- Author(s): dapengzhang0, dfawley, ejona86, markdroth
- Approver: markdroth
- Status: Implemented
- Implemented in: C-core, Java
- Last updated: 2021-08-24
- Discussion at: https://groups.google.com/g/grpc-io/c/EAbFqaJWp5w
This document is a proposal on how gRPC client would expose OpenCensus metrics and tracing when retry is enabled. It can be considered as an augment of the retry gRFC.
There are a collection of OpenCensus metrics for gRPC. When adding retry support to gRPC, we need to clearly define the measurement points for those metrics and add some retry specific metrics to OpenCensus library to present a clearer picture of retry attempts. The retry gRFC discussed exposing three additional per-method metrics for retry. However, no detail on how to record and expose these metrics was discussed. Also, these metrics still provide very limited information and the histogram view (the third metric) is not very useful because maxAttempts
is always less than or equal 5. Besides the number of retry attempts, users may also be interested in the total number of transparent retries and the total amount of delay time caused by retry backoff.

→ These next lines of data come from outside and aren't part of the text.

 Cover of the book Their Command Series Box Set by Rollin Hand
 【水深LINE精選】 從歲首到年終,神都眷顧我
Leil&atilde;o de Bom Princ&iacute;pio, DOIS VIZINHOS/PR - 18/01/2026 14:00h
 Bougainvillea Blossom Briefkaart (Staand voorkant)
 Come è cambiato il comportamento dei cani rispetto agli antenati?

Per-call stats from the perspective of the application should continue to be gathered from the interceptor/filter level, just as they are today.

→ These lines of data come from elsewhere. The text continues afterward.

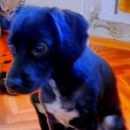 Подробнее об объявлении «Краснодар Пропала собака кобель» Фото: пропала собака Русский охотничий спаниель «Краснодар Пропала собака кобель» в г. Краснодар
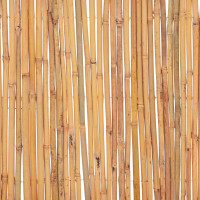 Produktbild för Staket bambu 500x50 cm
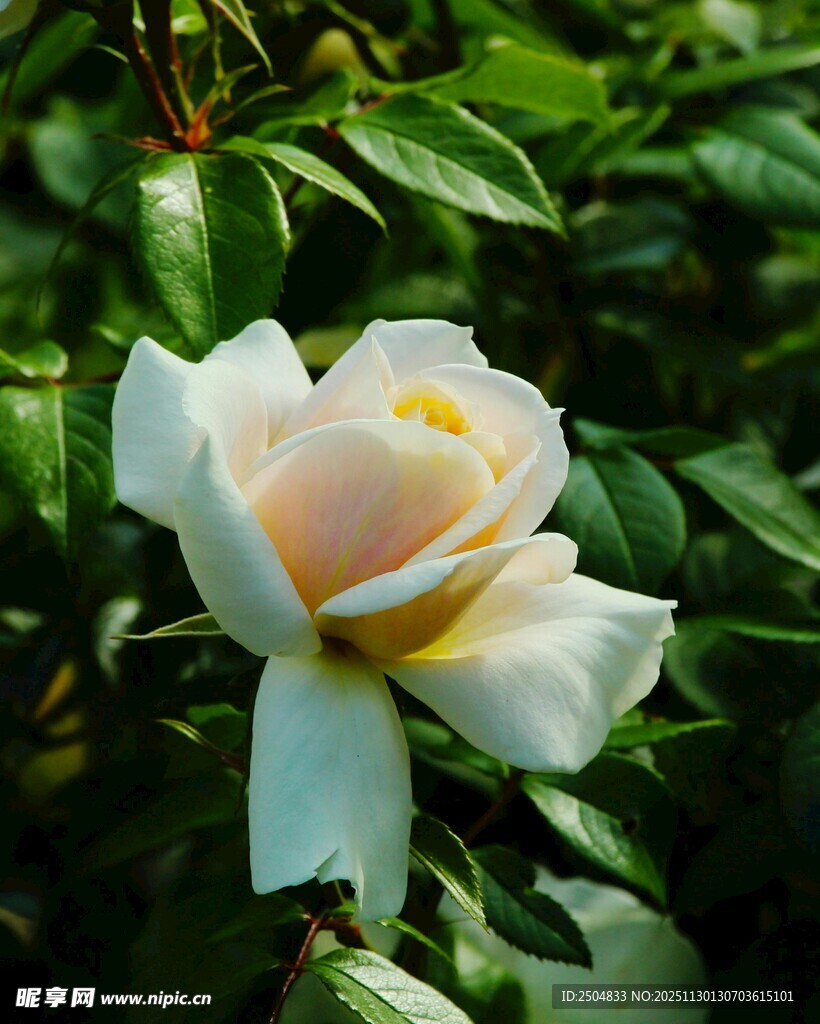 白色娇艳玫瑰绽放绿叶间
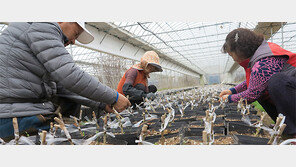 ‘묘목특구’ 옥천, 우량 묘목 생산기지로 거듭난다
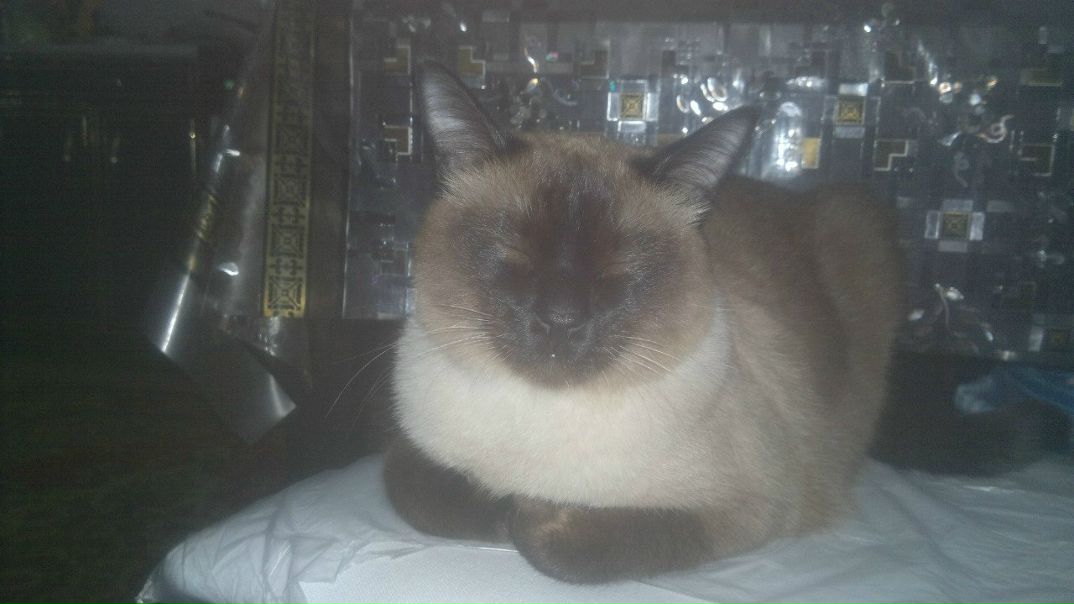 №9, Татьяна Груненышева, Москва №9, Татьяна Груненышева, Москва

For each call, there should be some way to attach an object that will gather data for individual call attempts. Events on the underlying call attempts will be recorded via that object.
On the parent call object, there should be some way to record an event when we do the first LB pick attempt for a given call attempt.
There should be some way to indicate whether a given call attempt was triggered via a transparent retry.
With that general structure in the gRPC stats interface, it should be possible for whatever plugs into the stats interface (e.g., Census, OpenCensus, etc) to determine the data to export in the metrics defined here.
gRPC will treat each retry attempt or hedged RPC as a distinct RPC with regards to the current set of metrics.
We add the following per-overall-client-call metrics to OpenCensus:
Measure name | Unit | Description |
---|---|---|
grpc.io/client/retries_per_call | 1 | Number of retry or hedging attempts excluding transparent retries made during the client call. The original attempt is not counted as a retry/hedging attempt. |
grpc.io/client/transparent_retries_per_call | 1 | Number of transparent retries made during the client call. |
grpc.io/client/retry_delay_per_call | ms | Total time of delay while there is no active attempt during the client call. |
View name | Measure | Aggregation | tags |
---|---|---|---|
grpc.io/client/retries_per_call | retries_per_call | distribution | grpc_client_method |
grpc.io/client/retries | retries_per_call | sum | grpc_client_method |
grpc.io/client/transparent_retries_per_call | transparent_retries_per_call | distribution | grpc_client_method |
grpc.io/client/transparent_retries | transparent_retries_per_call | sum | grpc_client_method |
grpc.io/client/retry_delay_per_call | retry_delay_per_call | distribution | grpc_client_method |
The gRPC tracing module should create a tracing span for each call from the perspective of the application, and create a child span for each individual call attempt, including transparent retry attempts. The parent span is named in the form of Sent.<service name>.<method name>
. The span for each individual call attempt is named in the form of Attempt.<service name>.<method name>
, and is with the following additional span attributes:
`previous-rpc-attempts` : an integer value, number of preceding attempts, transparent retry not included.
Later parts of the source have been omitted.